The loop event is triggered once when the connection is established. It can be used for any proactive logic, or to start an output loop. src/xtalk/llm_agent/experimental.py uses it to trigger proactive dialogue.

AgentOutput can be a string, a tool call, or a tool call result. After a tool call returns, the Manager can use it to trigger related logic. For example, in src/xtalk/serving/modules/llm_agent_context_manager.py, the direct_audio tool call triggers downstream logic in src/xtalk/serving/modules/direct_audio_manager.py to generate directly playable audio events.

From a design perspective, Agent is expected to be the main reasoning core of the whole system and to integrate information from other components into output.

Introduce a New Manager

The Agent in the previous section requires a new src/xtalk/serving/modules/direct_audio_manager.py to forward tool-call output into audio events. All Manager implementations can be created directly under src/xtalk/serving/modules, and then registered in src/xtalk/serving/service.py and src/xtalk/serving/module_types.py.

Manager uses the observer pattern for event subscription and publishing. All events are defined in src/xtalk/serving/events.py. src/xtalk/serving/modules/input_gateway.py and src/xtalk/serving/modules/output_gateway.py are special cases responsible for receiving frontend input and sending output back to the frontend.

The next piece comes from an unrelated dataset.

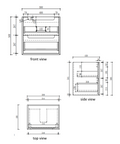 Aulic Voulari 600mm wall hung vanity dimensions diagram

To invoke models inside a Manager, refer to src/xtalk/serving/modules/asr_manager.py. You can use methods such as pipeline.get_asr_model.

Note that wait_for_completion in the event publishing method publish controls whether await waits until listeners directly triggered by that event have completed. Enabling wait_for_completion along an event chain ensures that every handler in that chain finishes before control returns to the original event source.

Introduce a New Model Type

Create the interface in src/xtalk/speech/interfaces.py, then create the corresponding folder and model file under src/xtalk/speech. The workflow is similar to introducing a new ASR model. After that, register the new type in src/xtalk/model_loader.py and src/xtalk/model_types.py.